# Louisiana bachelor trip/Biloxi marsh



## John B. (Oct 2, 2007)

We rolled out of Pensacola with the intentions of bringing a bay boat with us to redfish Thursday and friday, and go tuna fish out of Venice on Saturday... but a stiff East wind put the breaks on the tuna trip. We spent 3 days in the marsh, burned several ponds and scattered grass looking for clean water to sightfish, but that same east wind was screwing us on that too. The water was about a foot high, and dirty everywhere. We started grinding it out and throwing popping corks/gulps and eventually got on them pretty good. Thursday/friday we killed 16 or so. Letting go just as many short fish, and several 25" plus. We tried to only kill fish in the 20-24" range.

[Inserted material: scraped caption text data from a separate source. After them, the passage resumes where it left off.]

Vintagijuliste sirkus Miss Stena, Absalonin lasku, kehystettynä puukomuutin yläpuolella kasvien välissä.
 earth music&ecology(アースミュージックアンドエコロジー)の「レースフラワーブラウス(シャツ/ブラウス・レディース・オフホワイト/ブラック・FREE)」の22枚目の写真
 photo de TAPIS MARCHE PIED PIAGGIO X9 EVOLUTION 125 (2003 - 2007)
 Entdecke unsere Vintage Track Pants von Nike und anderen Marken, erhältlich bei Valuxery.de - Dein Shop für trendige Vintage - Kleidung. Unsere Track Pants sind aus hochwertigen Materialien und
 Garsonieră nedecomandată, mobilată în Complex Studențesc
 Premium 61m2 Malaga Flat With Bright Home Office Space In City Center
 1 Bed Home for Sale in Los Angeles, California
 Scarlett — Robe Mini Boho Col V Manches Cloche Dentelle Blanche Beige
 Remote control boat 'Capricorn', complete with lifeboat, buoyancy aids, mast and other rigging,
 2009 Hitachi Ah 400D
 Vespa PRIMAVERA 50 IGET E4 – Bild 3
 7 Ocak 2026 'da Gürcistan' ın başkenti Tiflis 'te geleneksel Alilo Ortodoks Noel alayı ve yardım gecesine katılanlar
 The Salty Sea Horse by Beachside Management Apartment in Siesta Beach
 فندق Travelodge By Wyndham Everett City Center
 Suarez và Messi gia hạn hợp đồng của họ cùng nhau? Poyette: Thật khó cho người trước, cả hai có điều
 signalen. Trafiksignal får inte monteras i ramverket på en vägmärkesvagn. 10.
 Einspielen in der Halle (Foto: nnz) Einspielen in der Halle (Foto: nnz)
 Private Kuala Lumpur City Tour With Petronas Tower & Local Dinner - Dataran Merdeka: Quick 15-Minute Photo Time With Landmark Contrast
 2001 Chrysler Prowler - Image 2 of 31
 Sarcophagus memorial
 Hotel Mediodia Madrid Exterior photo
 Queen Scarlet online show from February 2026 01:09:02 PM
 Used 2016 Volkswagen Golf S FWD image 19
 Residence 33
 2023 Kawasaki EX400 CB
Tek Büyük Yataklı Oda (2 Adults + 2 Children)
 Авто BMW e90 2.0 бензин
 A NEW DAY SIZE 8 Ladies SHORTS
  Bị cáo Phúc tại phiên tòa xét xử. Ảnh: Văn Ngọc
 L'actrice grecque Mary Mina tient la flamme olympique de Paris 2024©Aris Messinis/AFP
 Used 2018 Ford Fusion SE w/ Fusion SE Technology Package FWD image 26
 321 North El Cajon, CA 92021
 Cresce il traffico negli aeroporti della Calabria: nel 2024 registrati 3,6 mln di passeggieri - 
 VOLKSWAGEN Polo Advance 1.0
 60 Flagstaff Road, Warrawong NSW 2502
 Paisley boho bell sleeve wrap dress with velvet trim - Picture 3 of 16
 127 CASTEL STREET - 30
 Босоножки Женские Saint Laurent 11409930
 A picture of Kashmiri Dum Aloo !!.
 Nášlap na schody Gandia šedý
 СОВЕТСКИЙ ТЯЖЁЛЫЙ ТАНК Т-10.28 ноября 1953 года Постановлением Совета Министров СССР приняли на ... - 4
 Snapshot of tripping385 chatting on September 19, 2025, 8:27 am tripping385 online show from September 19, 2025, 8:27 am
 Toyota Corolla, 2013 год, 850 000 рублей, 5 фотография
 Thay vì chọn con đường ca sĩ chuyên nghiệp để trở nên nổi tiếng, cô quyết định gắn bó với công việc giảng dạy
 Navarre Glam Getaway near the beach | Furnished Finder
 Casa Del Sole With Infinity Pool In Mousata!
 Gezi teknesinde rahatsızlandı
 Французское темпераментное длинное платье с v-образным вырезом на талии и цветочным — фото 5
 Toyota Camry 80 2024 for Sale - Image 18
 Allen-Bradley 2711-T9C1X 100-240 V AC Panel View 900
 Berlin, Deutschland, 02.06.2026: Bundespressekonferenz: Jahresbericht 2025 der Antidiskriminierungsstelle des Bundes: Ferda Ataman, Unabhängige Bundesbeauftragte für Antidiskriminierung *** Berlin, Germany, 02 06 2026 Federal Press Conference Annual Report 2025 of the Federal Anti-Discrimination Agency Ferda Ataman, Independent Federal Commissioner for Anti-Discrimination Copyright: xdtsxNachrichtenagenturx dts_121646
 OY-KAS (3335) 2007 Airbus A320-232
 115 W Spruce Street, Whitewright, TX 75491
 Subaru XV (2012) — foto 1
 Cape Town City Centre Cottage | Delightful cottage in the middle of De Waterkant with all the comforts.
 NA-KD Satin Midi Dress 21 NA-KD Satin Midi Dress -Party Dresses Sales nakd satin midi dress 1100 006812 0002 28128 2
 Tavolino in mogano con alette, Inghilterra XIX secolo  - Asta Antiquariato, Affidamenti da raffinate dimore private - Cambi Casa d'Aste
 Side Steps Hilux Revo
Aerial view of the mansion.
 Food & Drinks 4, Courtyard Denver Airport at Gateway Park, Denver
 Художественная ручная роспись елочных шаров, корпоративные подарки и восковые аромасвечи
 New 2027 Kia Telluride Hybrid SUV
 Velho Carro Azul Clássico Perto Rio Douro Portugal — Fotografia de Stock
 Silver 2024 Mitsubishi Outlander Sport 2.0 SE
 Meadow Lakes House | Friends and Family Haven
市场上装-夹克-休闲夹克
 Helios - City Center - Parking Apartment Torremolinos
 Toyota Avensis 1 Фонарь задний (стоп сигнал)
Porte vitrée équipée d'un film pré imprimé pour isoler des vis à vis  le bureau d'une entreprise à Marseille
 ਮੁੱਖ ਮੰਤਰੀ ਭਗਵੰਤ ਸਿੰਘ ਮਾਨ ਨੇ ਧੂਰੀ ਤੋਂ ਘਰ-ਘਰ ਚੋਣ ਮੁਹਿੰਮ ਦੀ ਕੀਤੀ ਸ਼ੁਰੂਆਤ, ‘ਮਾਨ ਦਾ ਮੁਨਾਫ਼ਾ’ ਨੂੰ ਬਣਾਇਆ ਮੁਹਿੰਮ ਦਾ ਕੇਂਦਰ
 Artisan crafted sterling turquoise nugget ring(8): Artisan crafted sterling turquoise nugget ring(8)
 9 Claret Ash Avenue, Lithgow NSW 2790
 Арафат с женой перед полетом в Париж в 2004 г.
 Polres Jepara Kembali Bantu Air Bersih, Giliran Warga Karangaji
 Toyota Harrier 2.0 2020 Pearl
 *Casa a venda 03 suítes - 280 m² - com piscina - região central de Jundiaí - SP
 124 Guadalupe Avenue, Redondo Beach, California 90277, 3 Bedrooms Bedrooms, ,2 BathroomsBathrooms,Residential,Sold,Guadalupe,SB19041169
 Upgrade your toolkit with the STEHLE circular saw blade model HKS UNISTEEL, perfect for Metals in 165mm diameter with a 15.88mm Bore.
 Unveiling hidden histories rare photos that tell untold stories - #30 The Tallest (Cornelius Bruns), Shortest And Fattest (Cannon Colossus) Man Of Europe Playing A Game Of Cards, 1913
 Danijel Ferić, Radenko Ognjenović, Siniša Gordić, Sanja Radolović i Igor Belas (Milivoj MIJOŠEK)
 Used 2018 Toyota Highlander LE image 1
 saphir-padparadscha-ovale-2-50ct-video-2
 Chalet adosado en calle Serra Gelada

Saturday we got a little mad at em, and killed our 5 person limit, and let go at least 30 more.

We were a little disappointed we didn't go tuna fishing, but we crushed the fish and shot the hell out of guns in the marsh. If you've never redfished Louisiana, it will ruin you. Nothing in Florida comes close.










Sent from my SM-G950U using Tapatalk


----------



## Jason (Oct 2, 2007)

Yepper..... glad ya'll had a great bachelor party brother!!! Last bachelor party that took us to LA was a 24 hour party. Pcola, to New Orleans and back stopping at a bunch of places... It was a blurry night!!! When we can do a tuna trip, we'll have to try to get the gang over there... Heck it looks like a campground there at the launch, I can haul over the 5th wheel we are gonna get and someone could haul my sled and we could work on em!!!


----------



## John B. (Oct 2, 2007)

The redfish over there are ridiculous. We did a full auto mag dump trying to hit one of the popping corks we threw out.... when the dust settled, the popping cork was gone.... pulled under by a redfish. Lol.

Sent from my SM-G950U using Tapatalk


----------



## SurfRidr (Apr 24, 2012)

Nice haul, that's awesome!


----------